Iba a darse la vuelta, pero Carl lo agarró de la manga.

– Igual te dignas responder a mis preguntas. Eso estaría…

– Ya puedes limpiarte ese culo blanco con tus estúpidas preguntas, gilipollas.

Carl asintió con la cabeza. Dentro de tres segundos y medio iba a enseñar a aquel fulano sobrecrecido tragapolvos proteínicos quién era el gilipollas. Puede que fuera ancho, pero desde luego no lo bastante como para un par de presas en el cuello seguidas de amenazas de arresto por obstruir la acción policial.
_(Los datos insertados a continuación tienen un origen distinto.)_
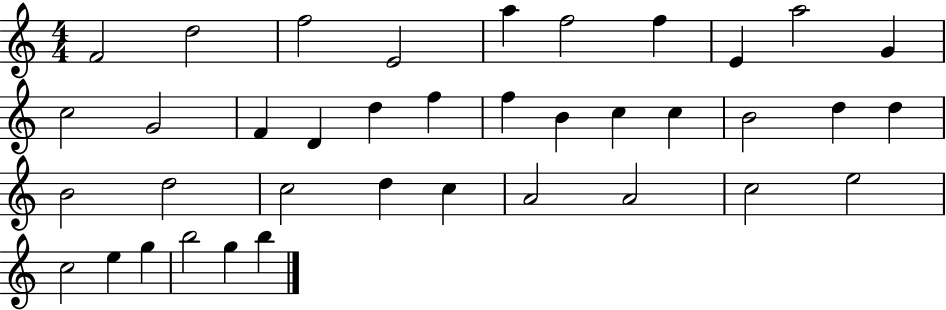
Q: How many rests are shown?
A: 0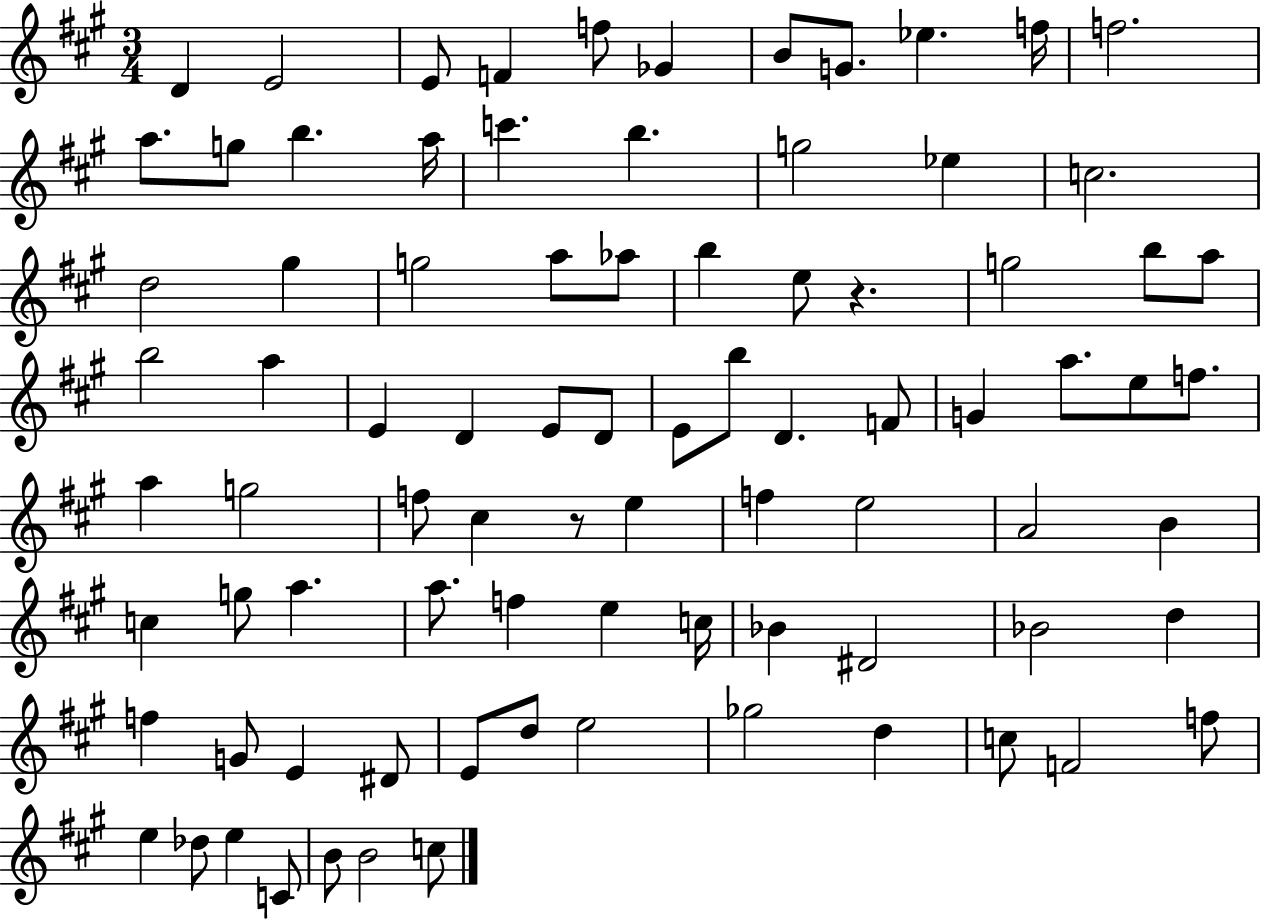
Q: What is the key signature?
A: A major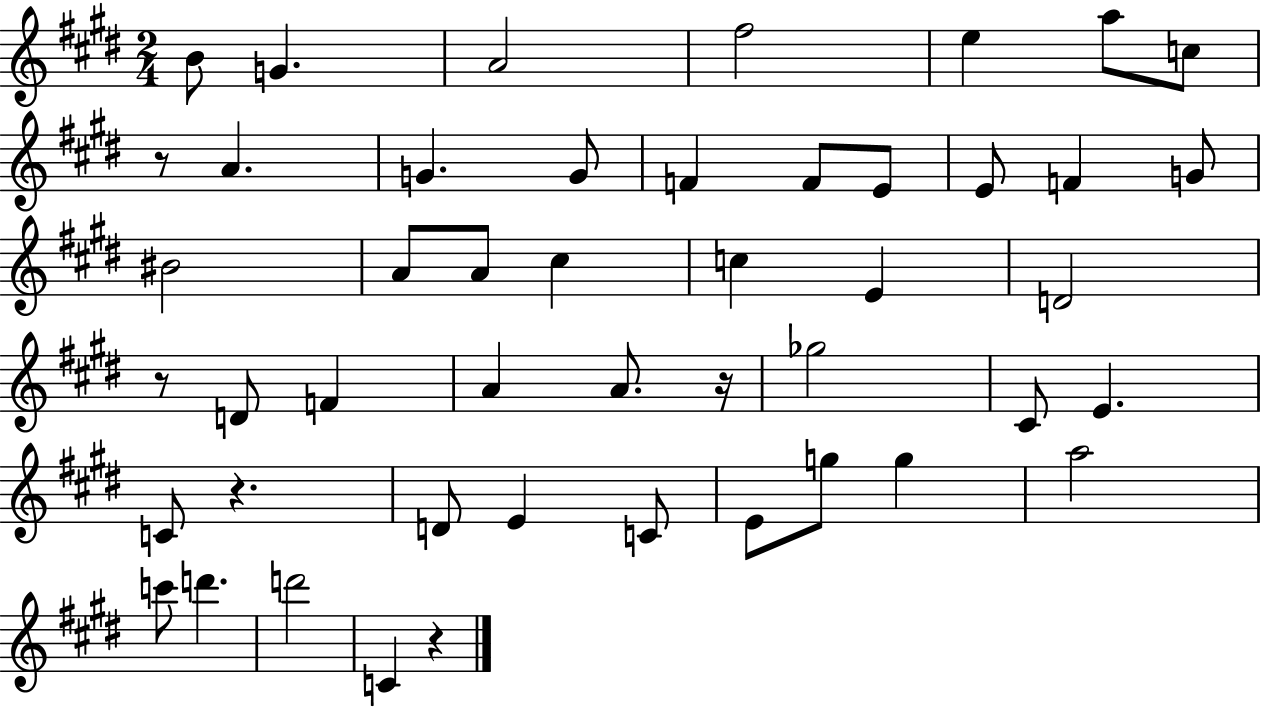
{
  \clef treble
  \numericTimeSignature
  \time 2/4
  \key e \major
  b'8 g'4. | a'2 | fis''2 | e''4 a''8 c''8 | \break r8 a'4. | g'4. g'8 | f'4 f'8 e'8 | e'8 f'4 g'8 | \break bis'2 | a'8 a'8 cis''4 | c''4 e'4 | d'2 | \break r8 d'8 f'4 | a'4 a'8. r16 | ges''2 | cis'8 e'4. | \break c'8 r4. | d'8 e'4 c'8 | e'8 g''8 g''4 | a''2 | \break c'''8 d'''4. | d'''2 | c'4 r4 | \bar "|."
}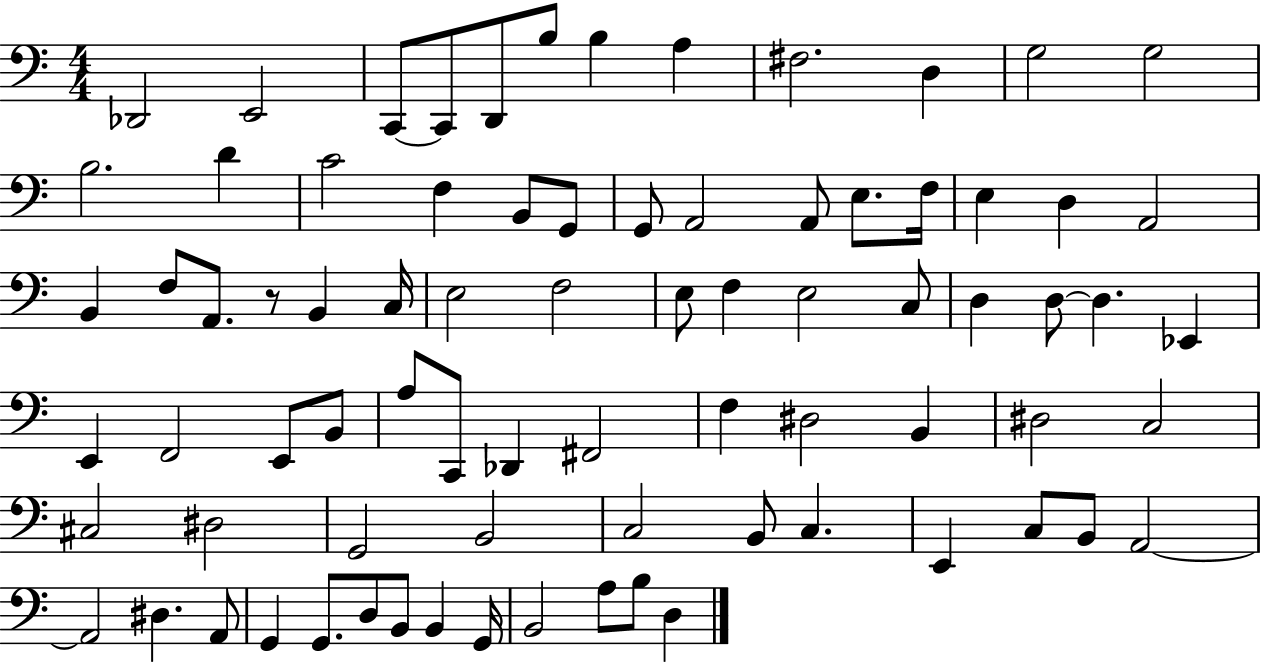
Db2/h E2/h C2/e C2/e D2/e B3/e B3/q A3/q F#3/h. D3/q G3/h G3/h B3/h. D4/q C4/h F3/q B2/e G2/e G2/e A2/h A2/e E3/e. F3/s E3/q D3/q A2/h B2/q F3/e A2/e. R/e B2/q C3/s E3/h F3/h E3/e F3/q E3/h C3/e D3/q D3/e D3/q. Eb2/q E2/q F2/h E2/e B2/e A3/e C2/e Db2/q F#2/h F3/q D#3/h B2/q D#3/h C3/h C#3/h D#3/h G2/h B2/h C3/h B2/e C3/q. E2/q C3/e B2/e A2/h A2/h D#3/q. A2/e G2/q G2/e. D3/e B2/e B2/q G2/s B2/h A3/e B3/e D3/q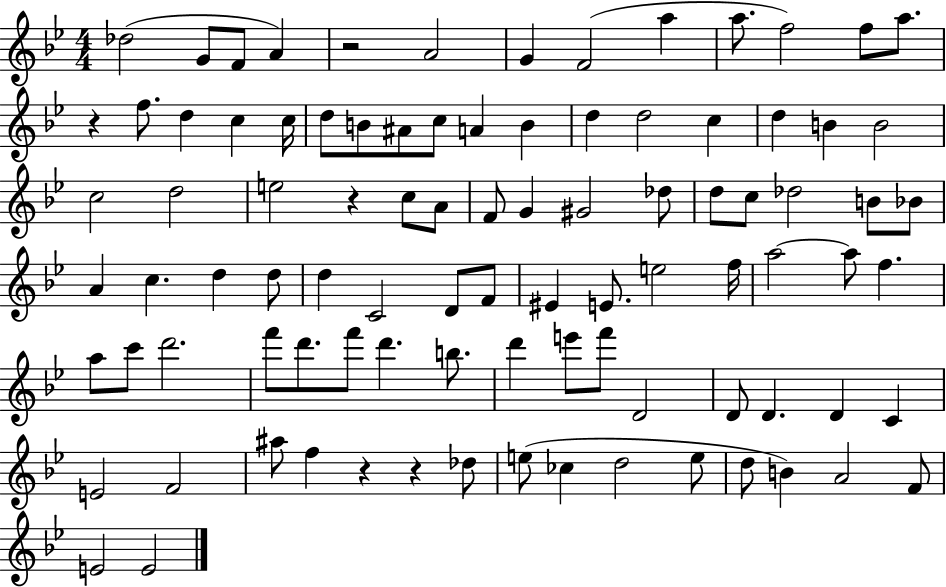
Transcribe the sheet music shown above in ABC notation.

X:1
T:Untitled
M:4/4
L:1/4
K:Bb
_d2 G/2 F/2 A z2 A2 G F2 a a/2 f2 f/2 a/2 z f/2 d c c/4 d/2 B/2 ^A/2 c/2 A B d d2 c d B B2 c2 d2 e2 z c/2 A/2 F/2 G ^G2 _d/2 d/2 c/2 _d2 B/2 _B/2 A c d d/2 d C2 D/2 F/2 ^E E/2 e2 f/4 a2 a/2 f a/2 c'/2 d'2 f'/2 d'/2 f'/2 d' b/2 d' e'/2 f'/2 D2 D/2 D D C E2 F2 ^a/2 f z z _d/2 e/2 _c d2 e/2 d/2 B A2 F/2 E2 E2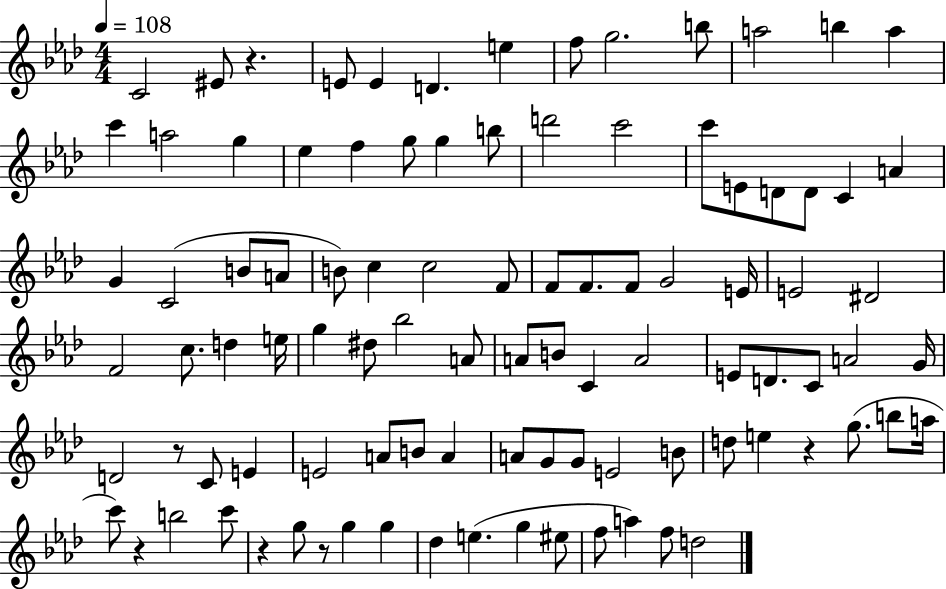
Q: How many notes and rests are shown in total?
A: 97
Entonces se oyó una voz por detrás.

– ¡Eh, Bilal!, ¿de qué vas? ¿No has visto la placa del señor?

Carl giró y se topó con un tipo aún más ancho, que a ojos vista se dedicaba también al levantamiento de pesas. Una auténtica exhibición de ropa de deporte por todas partes. Desde luego, si aquella camiseta enorme la había comprado en una tienda normal, la tienda aquella estaba bien surtida.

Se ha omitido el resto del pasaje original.